Tuesday, November 1, 2011

Archeology of HTML

Repost | 11/01/2011

I was helping Vanguard Technology (VT) migrate content from a small association's Website to a content-managed redesign. VT is using the Telerik Sitefinity CMS, which has really impressed me. I was given a step-by-step procedure and pretty much am following it in "robot mode." I have Sitefinity and the Website open in Chrome and the spreadsheet matrix of all the pages I'm working on open in Explorer via Google Docs, arranging the windows to click from one to the other. Underneath them all I'm running Spotify and listening to music as I have always done throughout my career. I think it's my ADD solution for concentration: overwhelm senses and focus ... something like that.

My big question: whatever happened to macros? Word allows you to create macros but it's so much smarter than me. I load an HTML file into it and without my consent it "value adds" more than two cents' worth of absolutely unnecessary code when my project calls for refining the code to bare essentials. Give me the pre-Windows WordPerfect, where back in the day, this ability to create macros meant in mere seconds you have a transformed file exactly the way you wanted it rather than Microsoft's idea of "what you really wanted." So it goes, and so I have a routine using Notepad deleting all the unwanted formatting codes.

I load the html content into Notepad and from the bottom use the up key to view the left-hand margin for the various abuses of p-breaks or no-breaking spaces between p-breaks (thank you Word Press for not letting me use codes here) to create line spacing. Need to find span for underlining and other abuses before I can whack the span breaks and so on.
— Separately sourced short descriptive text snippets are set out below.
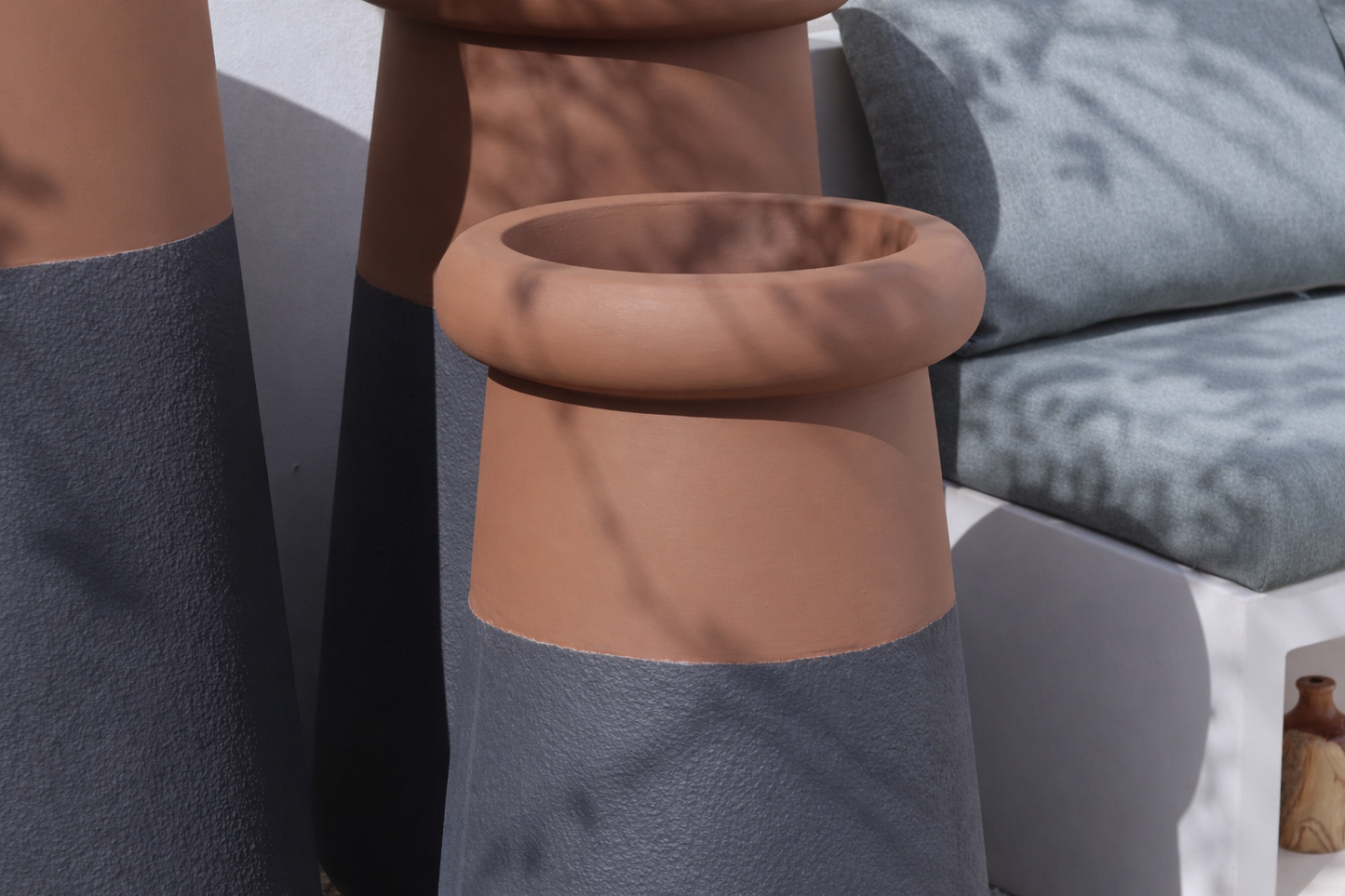 فازات زراعة خارجية طويلة بتصميم عصري بلونين بني وأسود بثلاثة أحجام مختلفة.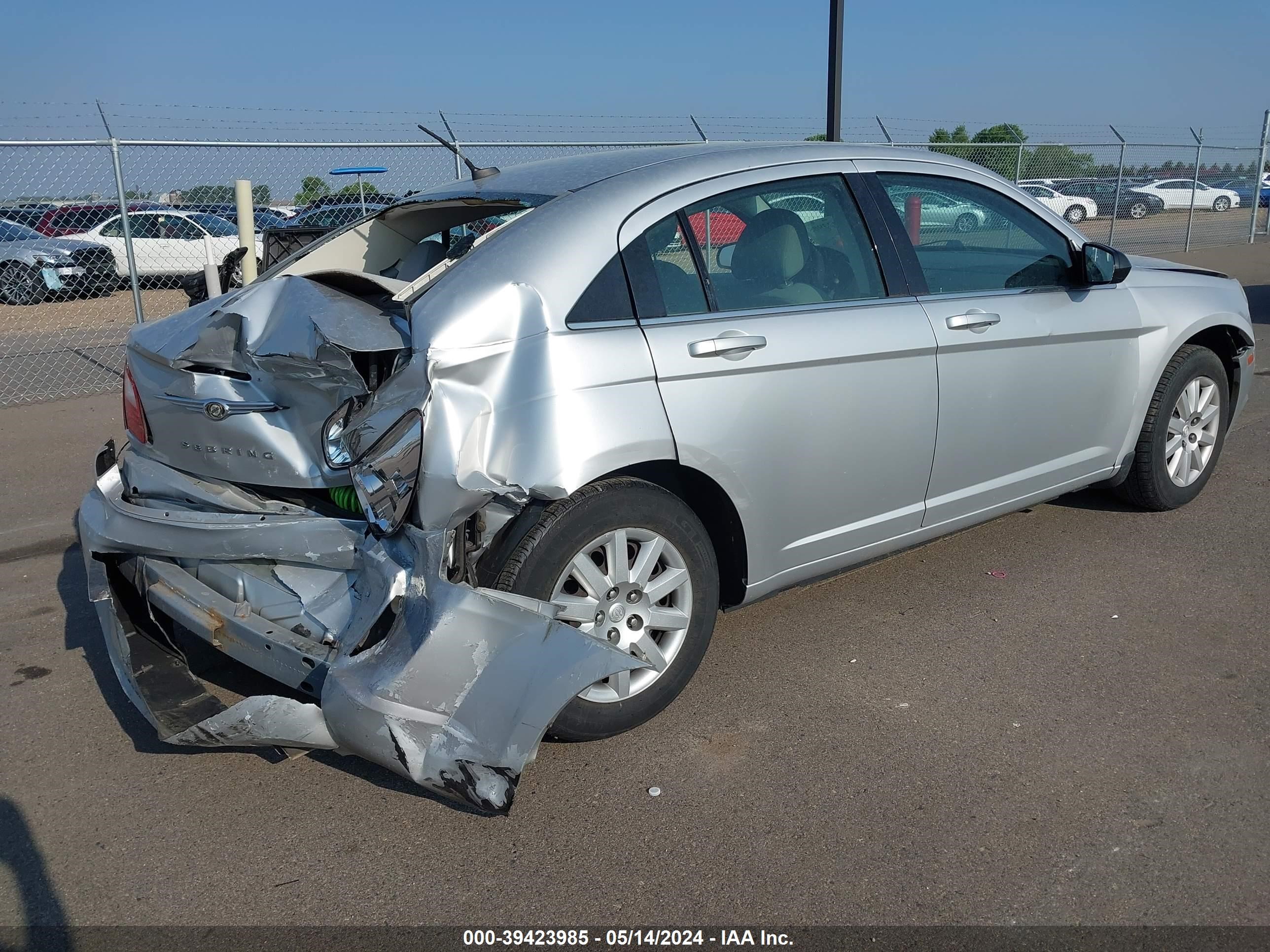 Photo 3 VIN: 1C3LC46K28N287588 - CHRYSLER SEBRING 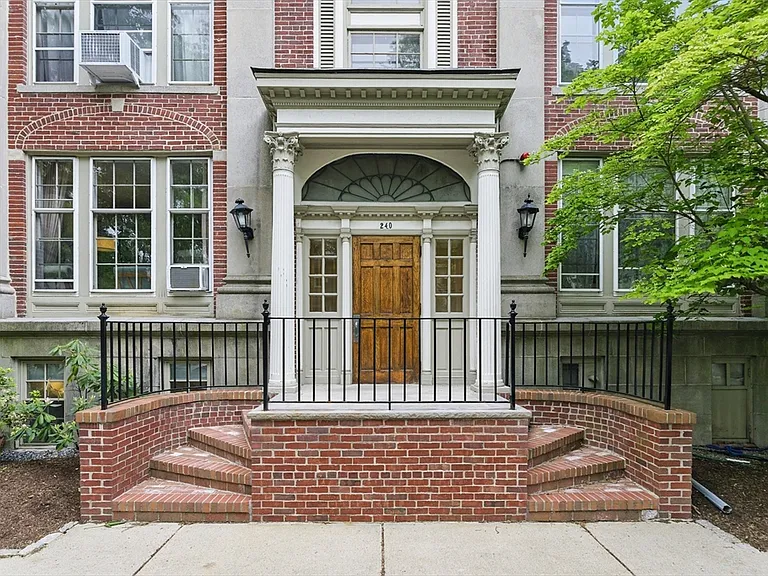 240 Brattle St #1 — Photo 2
As I go through year 2003 to the present, it's interesting to see the code getting less exasperating, for the most part, and I wonder if the early versions of these newsletters suffered from being done in Word with all the erratic coding that it often introduced. Example: the presence of extensive style codes and color designations tells me Word has been fussy about fonts. Just Saying. The association's Web editors seemed to tumble to the excesses of Word and in so doing, the files get cleaner as we near the present day. (One of the last ones I worked on took a half hour because almost every p-break was formatted, requiring a hunt of every instance of "span" and "style=" I could find.) Of course, we're migrating the content, the final shakedown in repurposing old text-based documents, kicking and screaming into the new age of electronic publications.

I'm not going to say it was fun, but it beat the hell out of filling my day scanning Indeed.com for work.

Note added 11-2-11: I decided to see if Codelobster had macro capabilities. It does not, but it saves all the items I've searched for so I can use a dropdown rather than type them in, and also serving as a reminder of what I need to hunt down. It highlights search items in yellow and gives me a count of replaced items, so I know that if I get rid of a specific span item (they used underline alot), and nuke the end-span codes, if the numbers don't match, I need to go after more spans. I also don't have to worry about word wrap issues that Notepad presents. Big thumbs up for Codelobster and a head scratch for why it took me so long to tumble to using it.